Nvidia CEO Jensen Huang: The failed acquisition of Arm does not affect Nvidia’s strategic direction
VentureBeat: What is your post-Arm strategy? Do you have to communicate your strategic direction in light of [the Arm deal being called off]?
Jensen Huang: Not really anything. Because we never finished combining with Arm. So any strategies that would have come from the combination were never talked about. And so our strategy is exactly the same. We do accelerated computing for wherever there are CPUs (central processing units) . And so we’ll do that for x86. And we’ll do we do that for Arm. We have a whole bunch of ARM CPUs, and system-on-chips (SoCs) in development. And we’re enthusiasts. We do all that. We have a 20-year license to Arm’s intellectual property. And we’ll continue to take advantage of all that and all the markets. And that’s about it.
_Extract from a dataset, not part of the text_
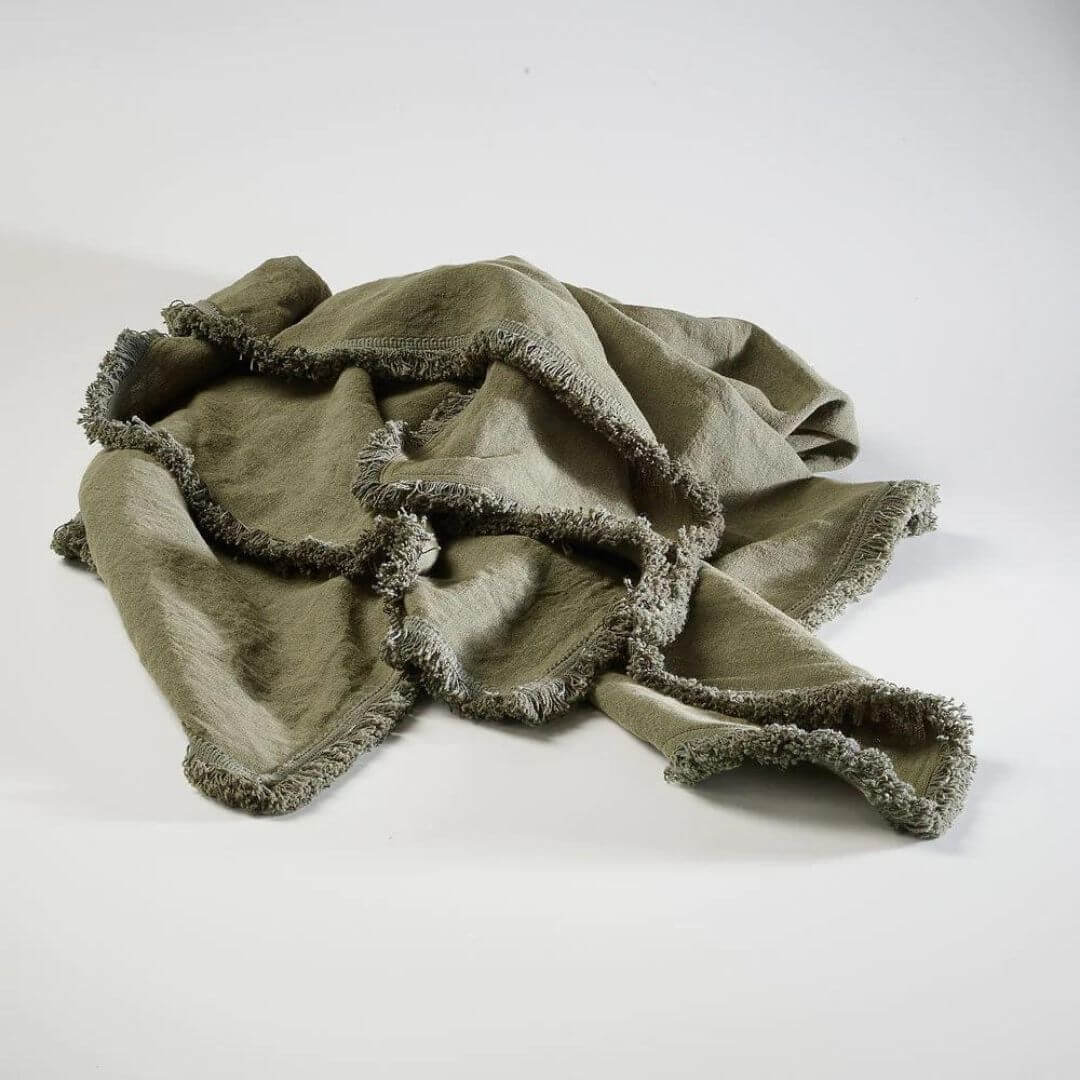 A Khaki Green Rectangle 40cm x 60cm Luca Boho Fringe Linen Cushion and throw bundle set to match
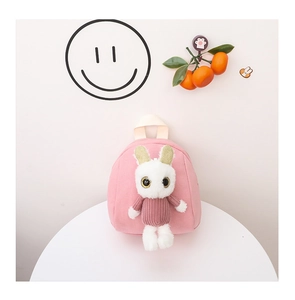 Detail of pink toddler backpack featuring a 3D plush bunny with gold glitter ear accents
Keep building CPUs, GPUs (graphics processing units), and DPUs (data processing units).
VB: So it’s your three-chip strategy? Would you consider RISC-V now that the Arm deal is not happening?
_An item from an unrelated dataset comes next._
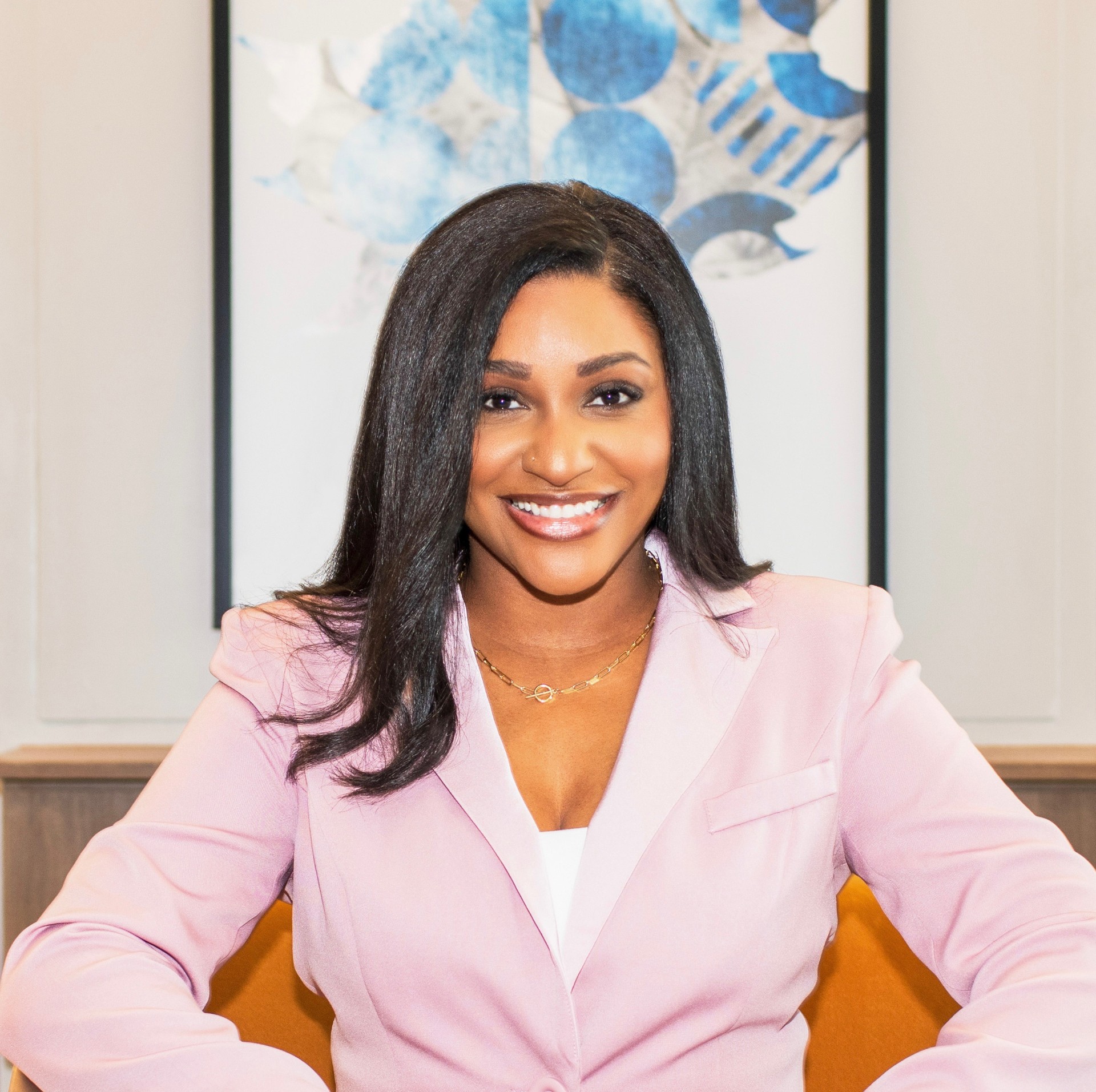 a woman in a pink suit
Huang: We use RISC-V. We’re RISC-V users inside our GPUs. We use it in several areas. For system controllers, inside the Bluefield GPU, there is a RISC-V acceleration engine, if you will, a programmable engine. And we use RISC-V when it makes sense. We use Arm when it makes sense. We use x86 when it makes sense.
Although in Jensen Huang’s view, the failure to acquire Arm has not changed anything, and there is no need to worry too much about the future, there is still very close cooperation between the two parties, but it does mean that any possibility of shaping Arm’s architectural roadmap in their own way is lost.